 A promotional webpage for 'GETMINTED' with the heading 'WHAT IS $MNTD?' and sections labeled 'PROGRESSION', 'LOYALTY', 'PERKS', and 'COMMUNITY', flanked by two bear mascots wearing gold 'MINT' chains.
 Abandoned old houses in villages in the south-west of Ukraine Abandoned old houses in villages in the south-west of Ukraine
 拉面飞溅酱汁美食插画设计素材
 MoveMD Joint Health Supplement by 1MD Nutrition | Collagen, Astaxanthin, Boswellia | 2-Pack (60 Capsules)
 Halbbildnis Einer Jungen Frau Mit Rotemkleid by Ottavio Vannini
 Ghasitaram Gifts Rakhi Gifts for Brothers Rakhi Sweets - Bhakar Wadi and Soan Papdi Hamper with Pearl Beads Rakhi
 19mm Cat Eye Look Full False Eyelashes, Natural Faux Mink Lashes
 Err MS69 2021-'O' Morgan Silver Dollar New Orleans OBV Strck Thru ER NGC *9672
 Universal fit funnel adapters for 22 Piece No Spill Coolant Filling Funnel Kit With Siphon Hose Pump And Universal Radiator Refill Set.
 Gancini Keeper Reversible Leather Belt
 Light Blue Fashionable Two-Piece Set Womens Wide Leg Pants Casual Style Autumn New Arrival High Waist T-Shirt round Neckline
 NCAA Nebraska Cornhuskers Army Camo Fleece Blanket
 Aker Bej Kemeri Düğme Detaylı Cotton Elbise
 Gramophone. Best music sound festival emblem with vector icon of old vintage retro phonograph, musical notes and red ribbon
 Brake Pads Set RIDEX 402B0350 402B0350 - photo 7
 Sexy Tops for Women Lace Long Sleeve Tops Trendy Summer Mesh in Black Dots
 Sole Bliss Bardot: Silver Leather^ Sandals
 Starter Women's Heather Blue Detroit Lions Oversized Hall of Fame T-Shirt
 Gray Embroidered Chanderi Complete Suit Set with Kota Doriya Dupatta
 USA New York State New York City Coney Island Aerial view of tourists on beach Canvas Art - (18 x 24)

Task requirements
Only the lines from the one containing "Aker Bej Kemeri Düğme Detaylı Cotton Elbise" through the end of the records above belong in the output, each exactly as it stands, both ends included.

Result of the task
 Aker Bej Kemeri Düğme Detaylı Cotton Elbise
 Gramophone. Best music sound festival emblem with vector icon of old vintage retro phonograph, musical notes and red ribbon
 Brake Pads Set RIDEX 402B0350 402B0350 - photo 7
 Sexy Tops for Women Lace Long Sleeve Tops Trendy Summer Mesh in Black Dots
 Sole Bliss Bardot: Silver Leather^ Sandals
 Starter Women's Heather Blue Detroit Lions Oversized Hall of Fame T-Shirt
 Gray Embroidered Chanderi Complete Suit Set with Kota Doriya Dupatta
 USA New York State New York City Coney Island Aerial view of tourists on beach Canvas Art - (18 x 24)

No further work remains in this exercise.